Sunday, June 22, 2014

A Ghoul Versus Total Recall (2012) Part 1

"Original Vs. Remake Part 2: Total Recall (1990) Vs. Total Recall (2012)!"

Click here for the first half of Original Vs. Remake: Total Recall (1990)!

I honestly try to keep an open mind when I watch a movie, no matter how much bad I might have heard about it or what my preconceived notions of the people making it are, because time after time I get proved violently wrong.

“The crappy actor from that stupid Knight's Tale movie is going to play the JOKER?!? FRANCHISE. RUINED.”

That being said, Total Recall (2012) sure did start off in the proverbial hole with me. Not only is it a completely pointless remake (which I suppose adding the phrase “completely pointless” is redundant when talking about remakes), but it was brought to us by the brain children behind the abominable Underworld series AND Live Free Or Die Hard. But I'm sure they at least got some good actors to star in- oh Jessica Biel and Kate Beckinsale, eh? Yikes.
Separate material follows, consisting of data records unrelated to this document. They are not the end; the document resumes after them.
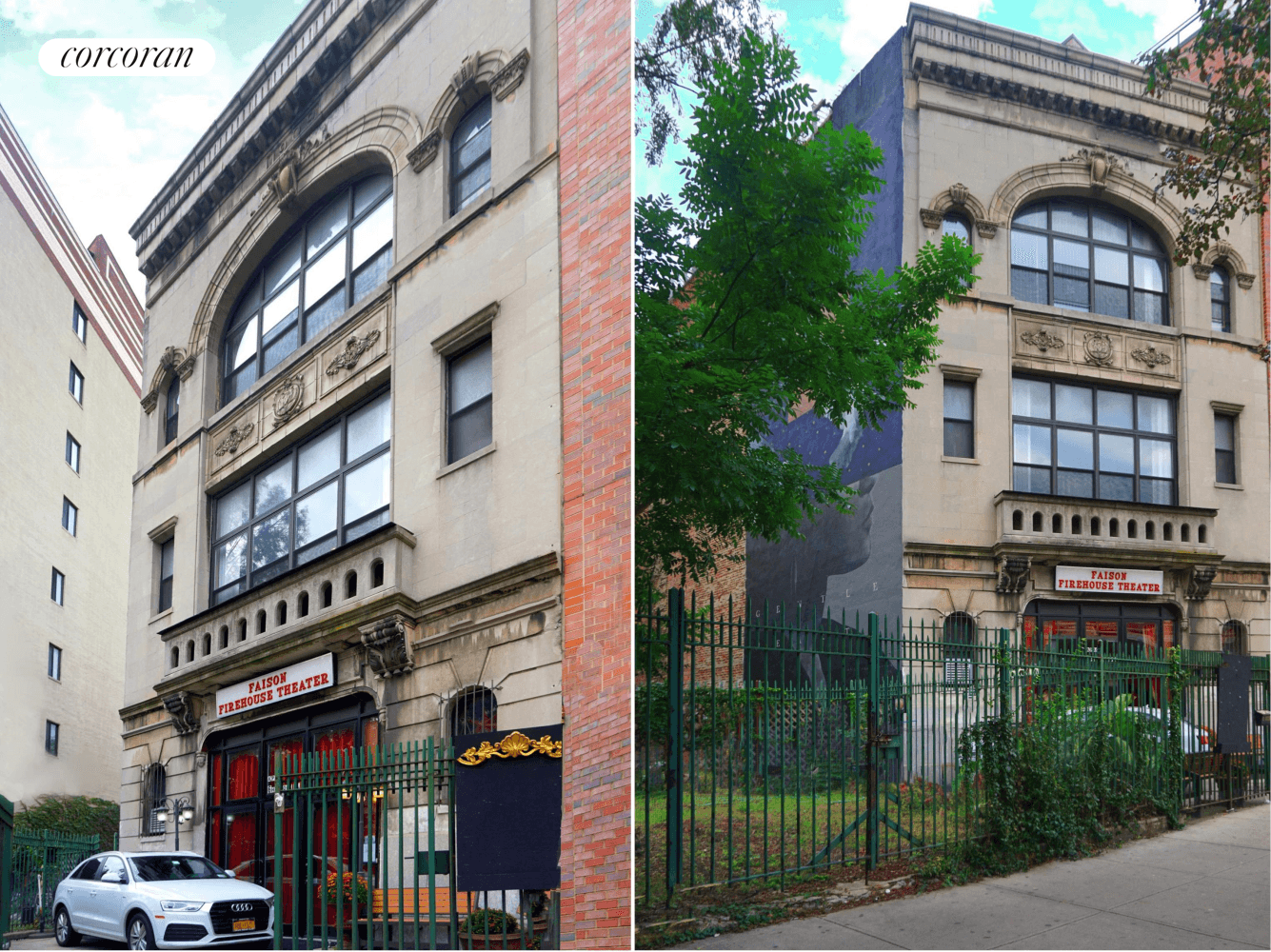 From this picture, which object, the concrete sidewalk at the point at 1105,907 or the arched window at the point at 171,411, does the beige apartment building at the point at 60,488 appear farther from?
the concrete sidewalk at the point at 1105,907

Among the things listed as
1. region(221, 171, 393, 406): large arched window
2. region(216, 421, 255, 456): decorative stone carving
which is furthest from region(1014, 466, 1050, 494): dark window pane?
region(216, 421, 255, 456): decorative stone carving

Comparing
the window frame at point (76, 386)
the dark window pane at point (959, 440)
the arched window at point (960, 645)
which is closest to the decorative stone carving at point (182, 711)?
the window frame at point (76, 386)

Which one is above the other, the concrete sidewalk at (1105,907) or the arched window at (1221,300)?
the arched window at (1221,300)

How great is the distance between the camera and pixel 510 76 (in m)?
5.84

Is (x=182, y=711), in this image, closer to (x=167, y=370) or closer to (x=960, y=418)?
(x=167, y=370)

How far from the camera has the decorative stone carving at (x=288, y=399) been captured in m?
6.88

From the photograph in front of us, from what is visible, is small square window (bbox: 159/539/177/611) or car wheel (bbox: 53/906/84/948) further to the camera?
small square window (bbox: 159/539/177/611)

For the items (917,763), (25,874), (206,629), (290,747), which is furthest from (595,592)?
(25,874)

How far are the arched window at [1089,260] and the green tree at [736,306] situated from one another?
757 mm

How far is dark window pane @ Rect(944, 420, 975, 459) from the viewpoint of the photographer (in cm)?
422

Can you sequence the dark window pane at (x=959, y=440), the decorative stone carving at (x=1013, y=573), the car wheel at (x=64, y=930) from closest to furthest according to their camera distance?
the decorative stone carving at (x=1013, y=573), the dark window pane at (x=959, y=440), the car wheel at (x=64, y=930)

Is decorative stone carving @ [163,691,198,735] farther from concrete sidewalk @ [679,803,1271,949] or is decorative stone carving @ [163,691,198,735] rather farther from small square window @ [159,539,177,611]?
concrete sidewalk @ [679,803,1271,949]

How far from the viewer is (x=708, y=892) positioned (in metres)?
4.93

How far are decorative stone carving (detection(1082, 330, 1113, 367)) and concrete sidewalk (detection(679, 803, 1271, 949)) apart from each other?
194 cm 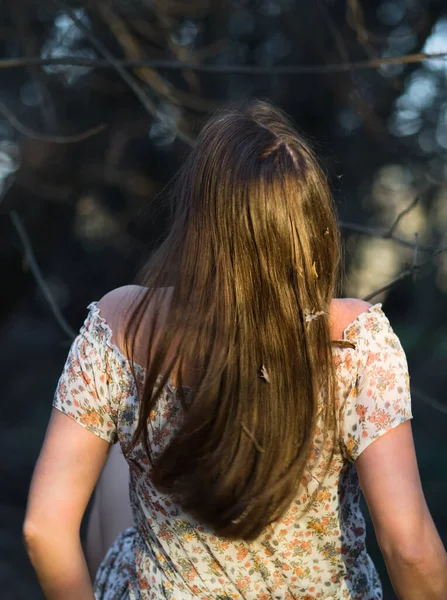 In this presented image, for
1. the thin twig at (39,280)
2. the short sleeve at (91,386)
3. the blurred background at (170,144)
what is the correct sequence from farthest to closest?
1. the blurred background at (170,144)
2. the thin twig at (39,280)
3. the short sleeve at (91,386)

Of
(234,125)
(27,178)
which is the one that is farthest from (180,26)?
(234,125)

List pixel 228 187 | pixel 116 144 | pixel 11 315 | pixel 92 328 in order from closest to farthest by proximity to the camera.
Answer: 1. pixel 228 187
2. pixel 92 328
3. pixel 116 144
4. pixel 11 315

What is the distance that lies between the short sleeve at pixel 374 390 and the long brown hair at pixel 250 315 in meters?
0.04

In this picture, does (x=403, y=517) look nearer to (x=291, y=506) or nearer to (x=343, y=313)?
(x=291, y=506)

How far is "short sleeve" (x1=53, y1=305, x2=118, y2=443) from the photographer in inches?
43.4

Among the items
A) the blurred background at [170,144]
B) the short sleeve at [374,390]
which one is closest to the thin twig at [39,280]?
the short sleeve at [374,390]

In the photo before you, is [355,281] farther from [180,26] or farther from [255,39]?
[180,26]

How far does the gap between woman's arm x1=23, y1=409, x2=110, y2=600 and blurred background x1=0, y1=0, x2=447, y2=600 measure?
85.9 inches

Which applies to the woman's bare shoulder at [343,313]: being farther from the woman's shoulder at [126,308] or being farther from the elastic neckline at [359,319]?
the woman's shoulder at [126,308]

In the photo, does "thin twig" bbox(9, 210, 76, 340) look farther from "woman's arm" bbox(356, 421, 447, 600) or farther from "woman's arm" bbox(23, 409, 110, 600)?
"woman's arm" bbox(356, 421, 447, 600)

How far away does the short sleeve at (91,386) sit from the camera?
Answer: 1.10 meters

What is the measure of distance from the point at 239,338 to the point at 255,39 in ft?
11.0

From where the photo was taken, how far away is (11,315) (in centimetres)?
445

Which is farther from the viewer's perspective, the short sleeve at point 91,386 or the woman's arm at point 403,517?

If you don't know, Kate's husband, Len Wiseman, directed this! Don't worry though, I'm sure she got a part in this movie based off her versatile, NOT AT ALL one dimensional acting and no other reason. You know, just like her AMAZING acting range got her the starring role in the Underworld movies... a couple of which her husband also directed. Hmmm.

Okay okay, well what about Jessica Biel? She's a great actress with an impressive body of work, right? Who can forget her epic performances in classic films such as Summer Catch, Cellular, Stealth, and that Adam Sandler movie where he pretends to be gay?

“But Ghoul, they're both SO HAWT!!!!111!!!”. Because that's all a movie needs, is just tons of eye candy in tight and/or revealing clothing in lieu of a story or characterization or compelling characters or logic or- yeah, that's probably enough foreshadowing. I suggest you get comfy, this could be a long one. I give you A Ghoul Versus Total Recall (2012)!

(Note: this review will be primarily for the Unrated Director's Cut, although I will point out the major differences it had from the PG-13 version because there are several big ones)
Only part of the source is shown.